I’d like to start today’s dvar Torah with a bit of a provocative riddle: What do a prostitute, Shabbat and a nazir (religious ascetic or monk) have in common?
[I knew that would get your attention that way..... Now follow along with me and I'll help you solve the riddle.]
This week we return to the regular schedule of Torah readings, picking up in the middle of the book of Leviticus, reading Parshat Kedoshim. Truth to be told, I think the first chapter, and especially the first two verses, of this parsha have had a very heavy influence on my Jewish identity and practice. I hope to share with you how and why this text has made such an indelible impact on me.
Parshat Kedoshim begins with the following commandment:
א) וַיְדַבֵּר ה’, אֶל-מֹשֶׁה לֵּאמֹר
1) And the LORD spoke unto Moses, saying:
ב) דַּבֵּר אֶל-כָּל-עֲדַת בְּנֵי-יִשְׂרָאֵל, וְאָמַרְתָּ אֲלֵהֶם–קְדֹשִׁים תִּהְיוּ: כִּי קָדוֹשׁ, אֲנִי ה’ אֱלֹקיכֶם
2) Speak to all the congregation of the children of Israel, and say to them: You shall be kadosh [holy]; for I the LORD your God am kadosh [holy]. (Leviticus 19:1-2)
But how does one fulfill the obligation to “be kadosh“? (I prefer to use the Hebrew term kadosh because I think it has a particular connotation which is unique, and different from its common English translation as “holy”.)
In previous Torah readings, especially within Leviticus, God has demanded that the people live as a “holy nation” or that they “sanctify themselves”. But often these pronouncements are made in relation to the offerings of sacrifices or other profound revelatory experiences.

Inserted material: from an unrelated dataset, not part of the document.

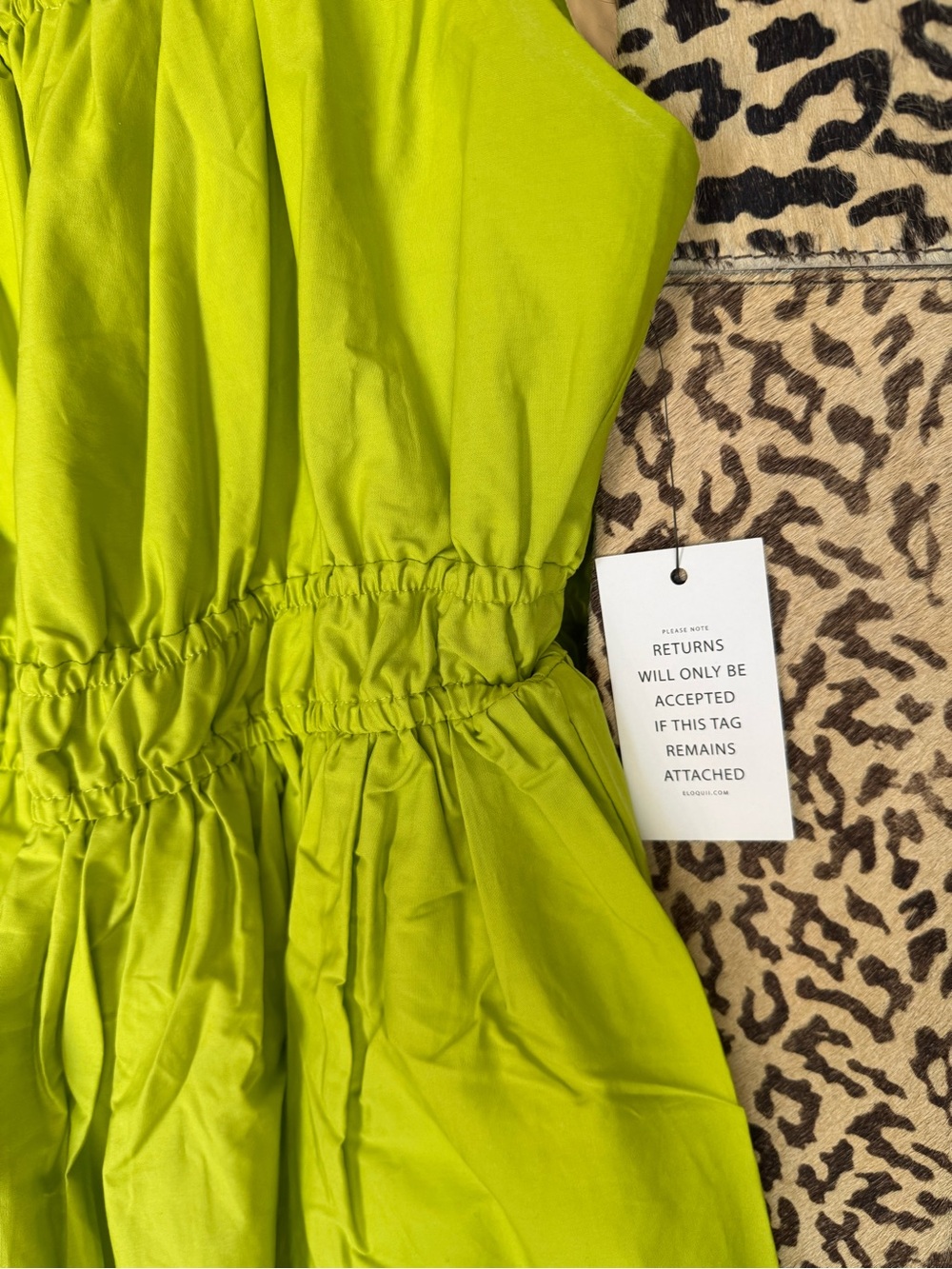 ELOQUII Poplin Flare Mini Dress Lime Green Smocked Size 14 - Picture 3 of 11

Here, in our parsha, the Torah continues to list a series of mitzvot that are to guide our human behaviour– how we treat one another– after being commanded to be kadosh.
This deepens our question of what it means to “be kadosh“. How is one to act in order to reach this status of kadosh? Is there something one must do or refrain from to achieve this designation? Is it dependent on elevating one’s relationship with people or becoming more pious and spiritually connected to the Almighty?
Nachmanides (1194-1270), one of the greatest Spanish Torah scholars as well as a doctor and staunch Zionist, interprets this command to be kadosh as follows:
“A person who is lustful finds an opportunity to sleep with his/her spouse a lot, and to be among the drunkards and gluttons, and who speak of all kinds of inappropriate acts, that are not mentioned as prohibitions in the Torah, then s/he will be a scoundrel within the domain of the Torah…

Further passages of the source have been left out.